Infobase is pleased to announce that Facial Anomalies, a new title from Just Like You Films, was just added to Classroom Video On Demand—a perfect complement to one of 2017’s most anticipated movies, Wonder. (In fact, Facial Anomalies is being shown in conjunction with private screenings of Wonder at select AMC Theatres.) In Facial Anomalies: Just Like You, three boys and a girl are joined by their best friends. They tell their real-life stories, explaining what it’s like to live with facial paralysis, lymphangioma, and other conditions. Like the book and movie Wonder, the stars of the film show courage as they earn empathy and understanding.

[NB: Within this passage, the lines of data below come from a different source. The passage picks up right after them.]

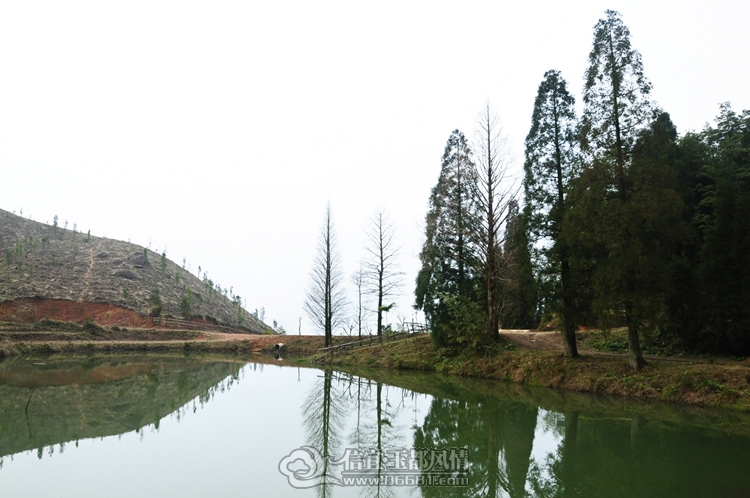DSC_0269.JPG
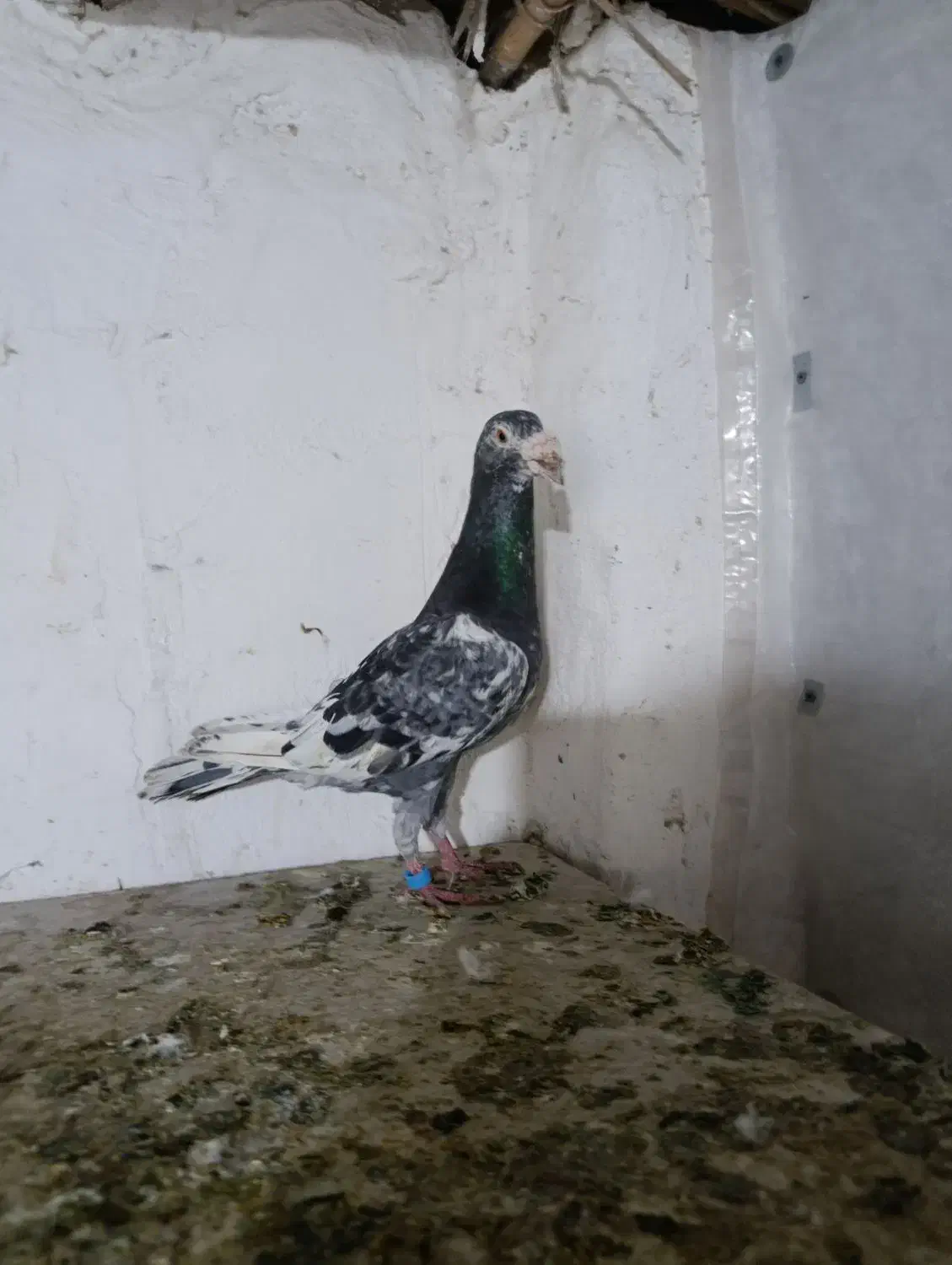 کبوتر|پرنده|نگین شهر, |دیوار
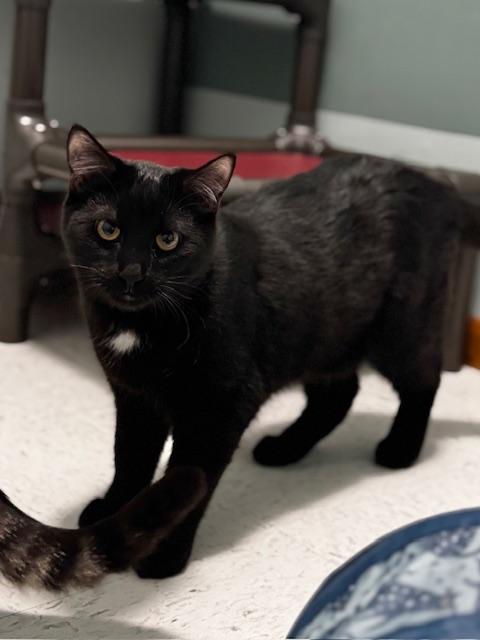 Enlarge Merlin, a Adoptable Domestic Short Hair in Hutchinson, MN image 1/4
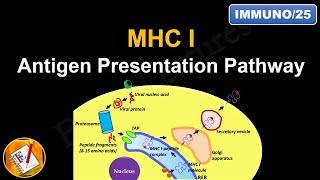 Antigen Processing and Presentation PART I MHC I Antigen Presentation pathway FLImmuno25 [upl. by Napas462]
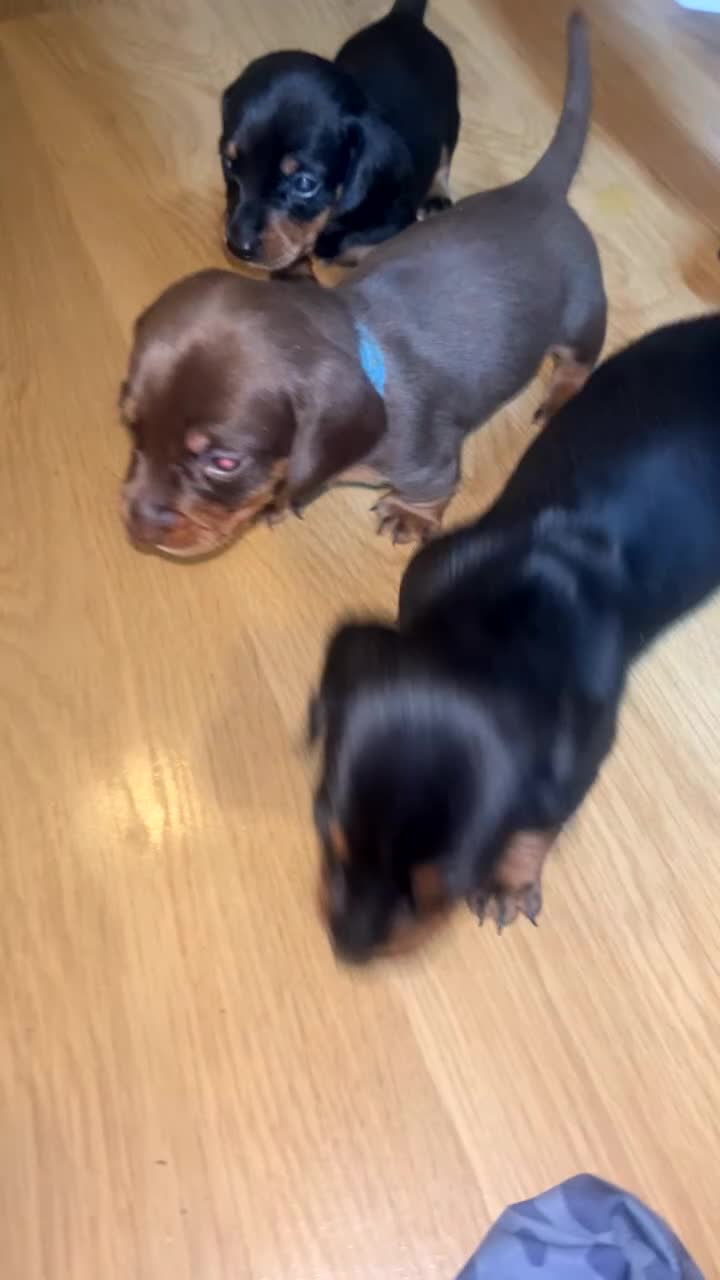 Dachshund dogs for sale: Exceptional Puppies 1 Boy boy left  - Video 3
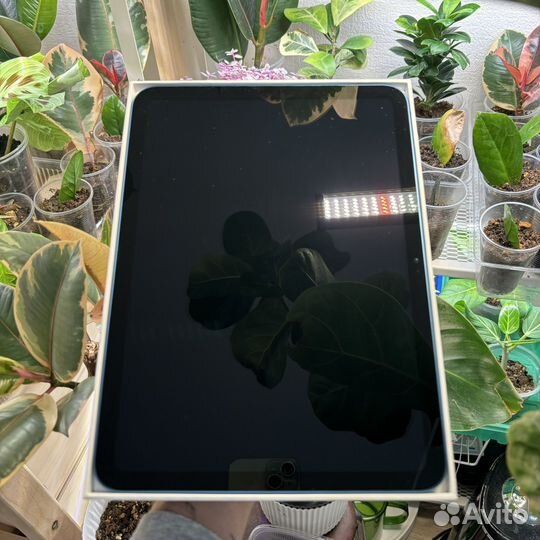 Apple iPad 10.9 2022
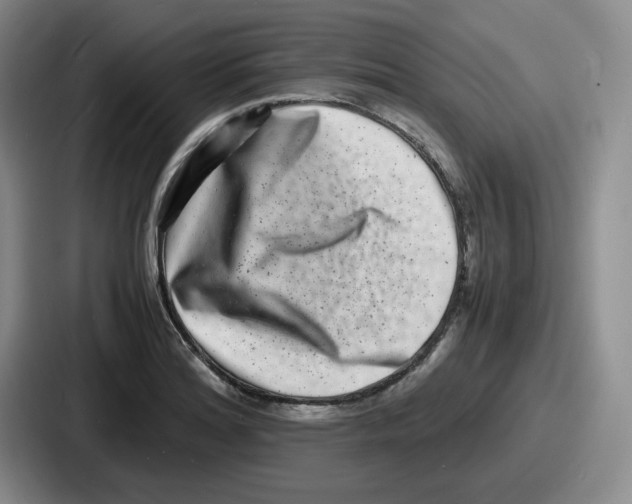 X0000086911180200705141656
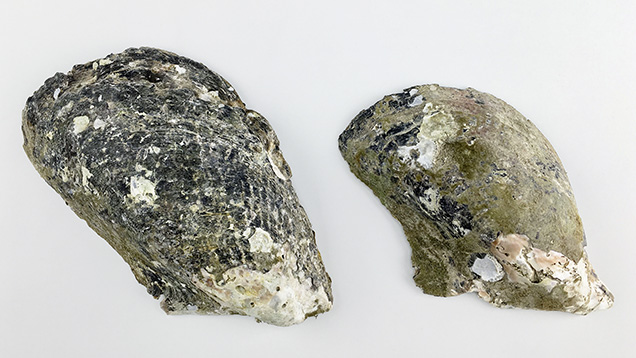 Size classes of Pteria penguin pearl mollusks Size classes of Pteria penguin pearl mollusks
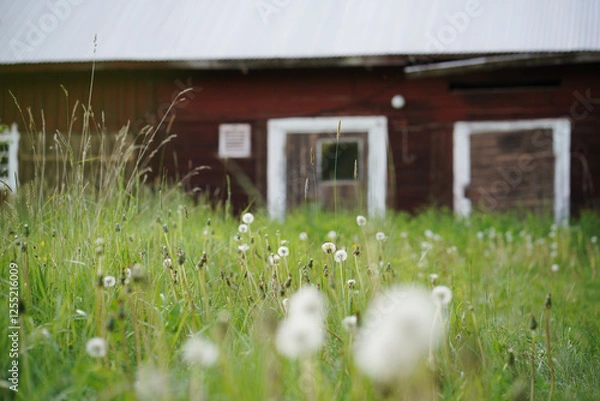 Fototapeta dandelion field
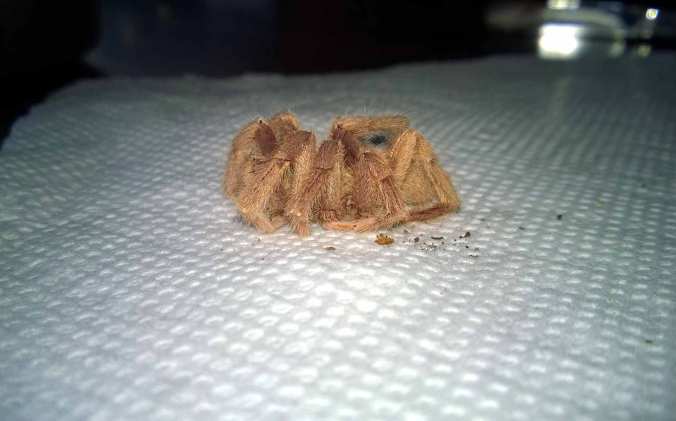 A side view of a death curl (an H. incei gold mature male). Notice again how the legs curl beneath the specimen's body.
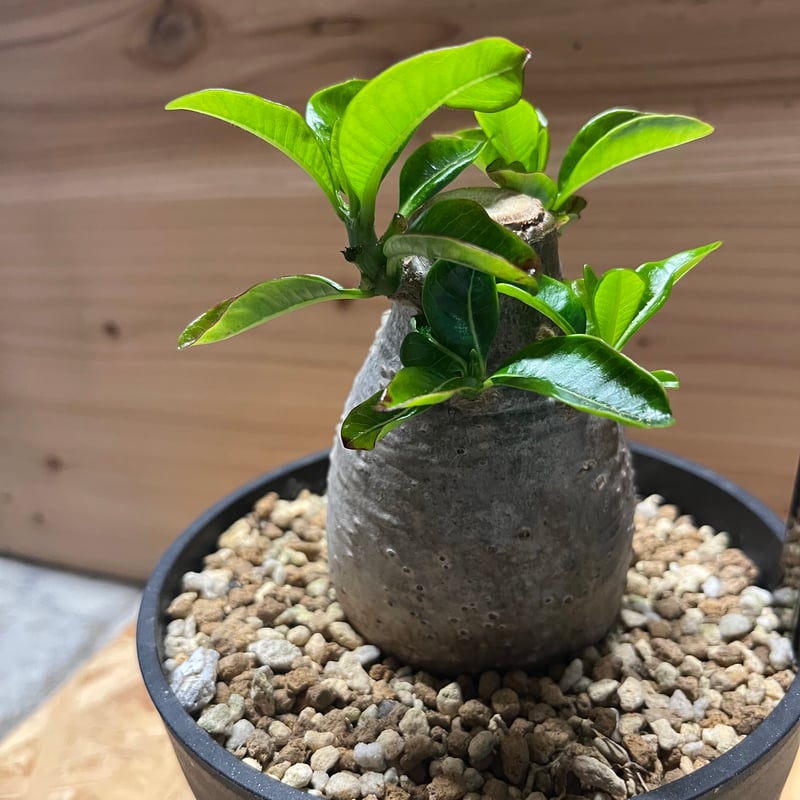 パキポディウム デカリー | GREEN LUCK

Facial Anomalies: Just Like You calls upon our communities, our kids, and the world to learn, understand, and accept those living with facial anomalies. The kids, award-winning journalist Hannah Storm, and internationally renowned surgeons—Operation Smile founder Dr. Bill Magee, Dr. Teresa O, and Dr. Milton Waner—explain the conditions, treatments, and model of how to be a good friend to someone living with a facial anomaly. Facial Anomalies: Just Like You shares the perspective of courageous children living with facial anomalies who are not defined or limited by their conditions. Instead, they are “just like you.”

Other titles in the Just Like You Films series on the Classroom Video On Demand platform include Down Syndrome: Just Like YouCancer as Told by Three Children: Just Like You, Burns as Told by Three Children: Just Like You, and I Care for a Child Burn Survivor: Just Like You. Infobase is proud to carry this important content and to give Classroom Video On Demand subscribers convenient, streaming access to these films.

Just Like You Films is a nonprofit organization that creates films and materials that educate audiences about subjects including childhood cancer, burns, and Down syndrome, capturing real-life stories that reveal how we are more alike than we are different. This helps facilitate the physical and emotional healing of exceptional children by creating an environment of acceptance.